* [What to produce]
All lines from the beginning of the listing through the line with "ASHLEY 10-Pack Long Sleeve Ruffle Bodysuits" are to be copied word for word; the pictures are not.

== Records for this exercise ==

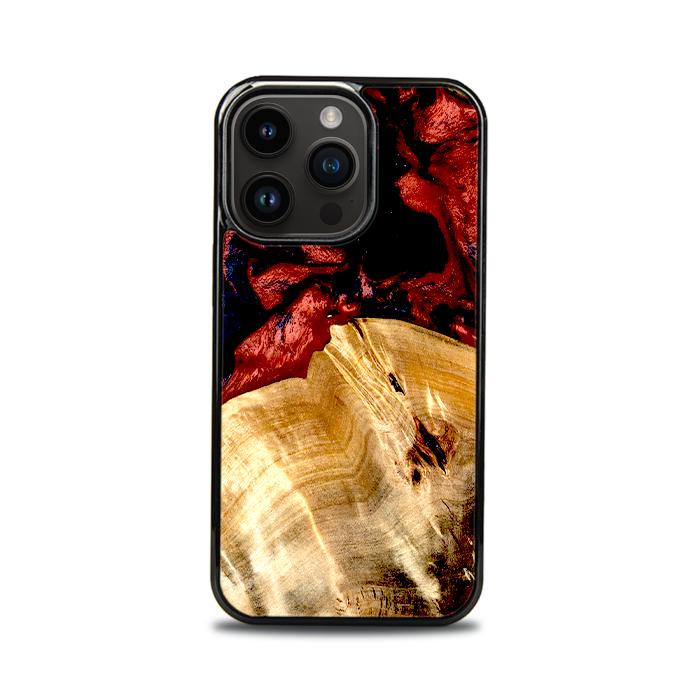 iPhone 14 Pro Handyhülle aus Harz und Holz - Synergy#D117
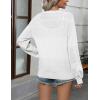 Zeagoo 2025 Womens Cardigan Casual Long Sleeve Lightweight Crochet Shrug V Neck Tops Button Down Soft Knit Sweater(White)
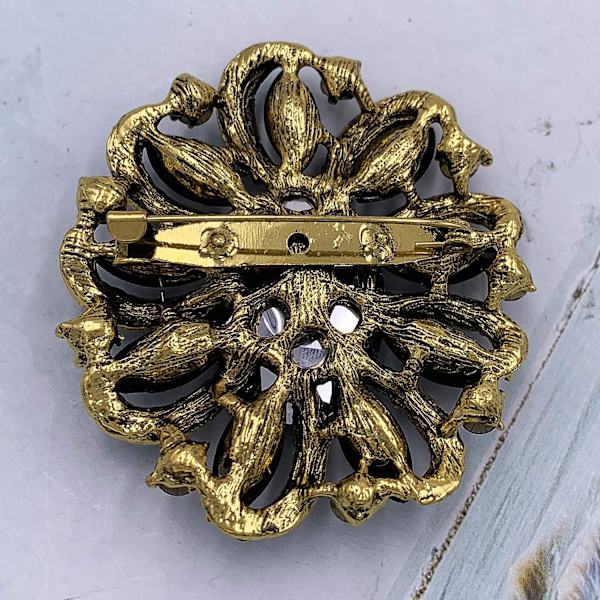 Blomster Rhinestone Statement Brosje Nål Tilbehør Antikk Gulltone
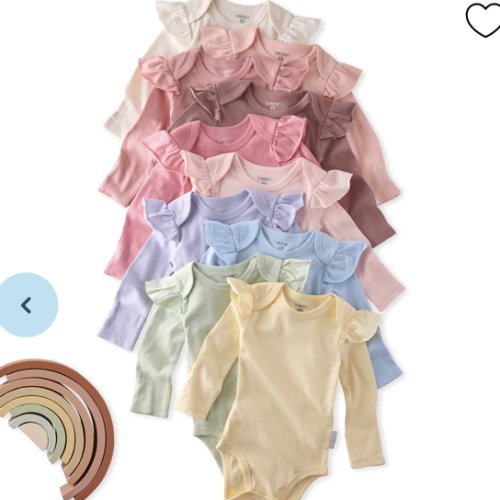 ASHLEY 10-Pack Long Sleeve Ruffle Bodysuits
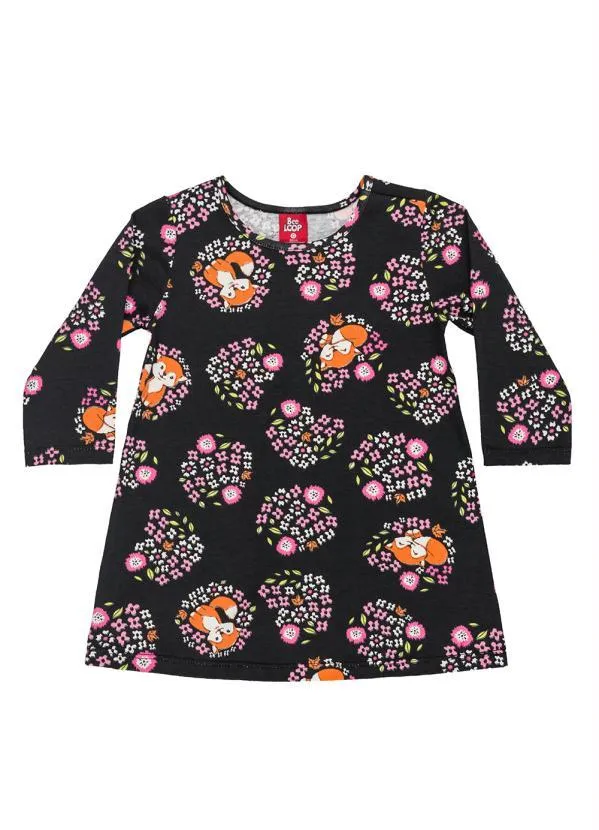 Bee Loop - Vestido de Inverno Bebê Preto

===

* [Result for this task]
 iPhone 14 Pro Handyhülle aus Harz und Holz - Synergy#D117
 Zeagoo 2025 Womens Cardigan Casual Long Sleeve Lightweight Crochet Shrug V Neck Tops Button Down Soft Knit Sweater(White)
 Blomster Rhinestone Statement Brosje Nål Tilbehør Antikk Gulltone
 ASHLEY 10-Pack Long Sleeve Ruffle Bodysuits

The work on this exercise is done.